返り血のように、透明だが粘着性のある体液を全身に浴び、その患部から酷い熱を感じる。
「熱っ!?」
「馬鹿っそいつの中身は毒だぞ!慎重に攻撃しろよ!!」
唱えていた攻撃術の詠唱を止め、シロガネは癒属性の術に切り替える。
「―――浄化せよ彼の者の邪、癒の光にて御霊の洗礼を!」
術が完了するとリシアに温かな光が包み込み、痛みをとる。
先程倒したのとは別の同種が、種から出た根を巧みに使いながら前進してきたので咄嗟に後方に飛ぶ。敵はそれに動じず前に進むのを止めなかった。好機だろう。
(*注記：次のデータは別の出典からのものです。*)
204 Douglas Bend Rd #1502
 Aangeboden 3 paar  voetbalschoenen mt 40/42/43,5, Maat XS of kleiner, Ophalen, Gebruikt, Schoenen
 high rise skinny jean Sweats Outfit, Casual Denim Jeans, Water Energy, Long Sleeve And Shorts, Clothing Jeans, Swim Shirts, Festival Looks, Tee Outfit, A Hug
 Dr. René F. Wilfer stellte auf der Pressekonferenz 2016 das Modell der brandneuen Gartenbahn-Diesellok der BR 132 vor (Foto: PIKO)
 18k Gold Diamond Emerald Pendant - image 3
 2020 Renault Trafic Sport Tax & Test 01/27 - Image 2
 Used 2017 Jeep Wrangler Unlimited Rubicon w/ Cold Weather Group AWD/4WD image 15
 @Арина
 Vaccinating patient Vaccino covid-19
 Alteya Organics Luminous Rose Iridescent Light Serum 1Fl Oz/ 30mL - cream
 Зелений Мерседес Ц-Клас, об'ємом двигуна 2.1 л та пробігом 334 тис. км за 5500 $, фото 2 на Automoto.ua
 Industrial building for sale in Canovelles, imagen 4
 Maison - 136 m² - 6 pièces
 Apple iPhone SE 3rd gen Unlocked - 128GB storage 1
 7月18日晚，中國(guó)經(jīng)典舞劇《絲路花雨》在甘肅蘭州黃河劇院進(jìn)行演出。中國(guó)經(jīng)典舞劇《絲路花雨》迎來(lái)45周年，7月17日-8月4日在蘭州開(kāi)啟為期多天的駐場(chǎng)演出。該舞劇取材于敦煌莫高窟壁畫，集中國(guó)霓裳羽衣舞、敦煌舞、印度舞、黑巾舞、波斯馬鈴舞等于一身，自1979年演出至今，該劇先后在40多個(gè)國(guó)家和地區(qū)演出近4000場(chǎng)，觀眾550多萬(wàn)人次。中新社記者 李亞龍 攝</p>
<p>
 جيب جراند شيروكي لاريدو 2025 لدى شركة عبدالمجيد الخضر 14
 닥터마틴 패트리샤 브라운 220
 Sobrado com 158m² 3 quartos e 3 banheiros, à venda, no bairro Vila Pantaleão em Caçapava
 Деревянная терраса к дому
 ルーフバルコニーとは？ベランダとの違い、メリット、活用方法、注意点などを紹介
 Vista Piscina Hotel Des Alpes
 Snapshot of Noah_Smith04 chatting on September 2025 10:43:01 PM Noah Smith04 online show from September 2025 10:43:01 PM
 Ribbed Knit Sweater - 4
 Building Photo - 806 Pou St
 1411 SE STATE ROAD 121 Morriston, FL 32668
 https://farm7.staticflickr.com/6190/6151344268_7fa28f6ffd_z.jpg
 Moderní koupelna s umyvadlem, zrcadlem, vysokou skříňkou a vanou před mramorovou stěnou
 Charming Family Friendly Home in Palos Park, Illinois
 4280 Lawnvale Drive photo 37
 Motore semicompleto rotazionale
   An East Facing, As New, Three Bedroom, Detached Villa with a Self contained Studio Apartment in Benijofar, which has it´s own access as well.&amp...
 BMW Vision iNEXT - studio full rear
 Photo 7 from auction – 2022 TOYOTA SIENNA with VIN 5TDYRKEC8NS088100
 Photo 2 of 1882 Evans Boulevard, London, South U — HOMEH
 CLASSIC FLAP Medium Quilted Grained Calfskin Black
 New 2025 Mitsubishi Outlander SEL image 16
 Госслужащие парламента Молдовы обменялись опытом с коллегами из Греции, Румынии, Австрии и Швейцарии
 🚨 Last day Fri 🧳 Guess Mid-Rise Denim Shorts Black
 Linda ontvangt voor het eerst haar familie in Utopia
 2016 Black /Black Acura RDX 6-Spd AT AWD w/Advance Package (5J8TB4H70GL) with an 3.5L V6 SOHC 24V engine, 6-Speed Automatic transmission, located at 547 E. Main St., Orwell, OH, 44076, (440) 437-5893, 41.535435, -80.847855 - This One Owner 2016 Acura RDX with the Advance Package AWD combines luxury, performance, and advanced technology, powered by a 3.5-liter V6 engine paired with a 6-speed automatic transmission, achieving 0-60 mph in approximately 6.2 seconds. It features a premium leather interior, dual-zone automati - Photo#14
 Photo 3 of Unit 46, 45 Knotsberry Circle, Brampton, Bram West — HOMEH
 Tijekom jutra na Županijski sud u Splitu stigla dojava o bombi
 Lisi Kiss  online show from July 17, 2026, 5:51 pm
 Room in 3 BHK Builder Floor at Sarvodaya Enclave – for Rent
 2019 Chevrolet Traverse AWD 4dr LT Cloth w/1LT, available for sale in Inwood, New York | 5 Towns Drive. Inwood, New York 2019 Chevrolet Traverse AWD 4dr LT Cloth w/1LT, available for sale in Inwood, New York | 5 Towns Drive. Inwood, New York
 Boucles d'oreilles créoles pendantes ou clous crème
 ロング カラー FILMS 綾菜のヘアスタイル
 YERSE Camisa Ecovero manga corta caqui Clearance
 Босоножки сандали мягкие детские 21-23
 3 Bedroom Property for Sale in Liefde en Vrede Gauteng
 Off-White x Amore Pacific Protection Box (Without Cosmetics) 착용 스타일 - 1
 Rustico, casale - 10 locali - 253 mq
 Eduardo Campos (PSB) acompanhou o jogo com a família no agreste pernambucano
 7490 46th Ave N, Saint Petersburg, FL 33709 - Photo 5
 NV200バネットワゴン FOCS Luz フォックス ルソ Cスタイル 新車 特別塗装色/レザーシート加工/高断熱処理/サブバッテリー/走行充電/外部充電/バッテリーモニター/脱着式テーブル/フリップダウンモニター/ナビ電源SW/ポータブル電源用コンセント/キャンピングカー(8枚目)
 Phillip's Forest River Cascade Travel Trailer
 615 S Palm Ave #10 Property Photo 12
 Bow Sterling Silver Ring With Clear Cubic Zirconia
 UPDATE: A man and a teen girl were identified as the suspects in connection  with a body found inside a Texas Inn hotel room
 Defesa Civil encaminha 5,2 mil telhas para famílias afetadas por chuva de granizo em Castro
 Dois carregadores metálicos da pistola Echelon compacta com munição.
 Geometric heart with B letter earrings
炎属性の魔力を剣に込める。振るって飛び道具のように火の玉が敵に向かう。見事に命中し、魔物は炭となった。
「あと三体だ!」
リシアは言う。それよりも前に、シロガネはもう一つ術を唱え終えていた。
「―――焼き尽くせ炎天、慈悲なき猛火を汝に!」
一カ所に集まっていた敵の足下に魔法陣が浮かぶ。少し遅れてその上にも赤く輝く円陣が浮かび、陽炎のように淡く、それでいて確かな熱を持った揺らぐ炎が天を目指して燃え上がる。
敵は甲高い断末魔を上げ、高温の為か炭も砕け散って消えた。
「よし、終わり」
シロガネは一度長い銀髪を払い、左手を腰につける。
リシアも両手に持った剣を右腰の鞘にしまい、腕組みをして空を仰ぐ。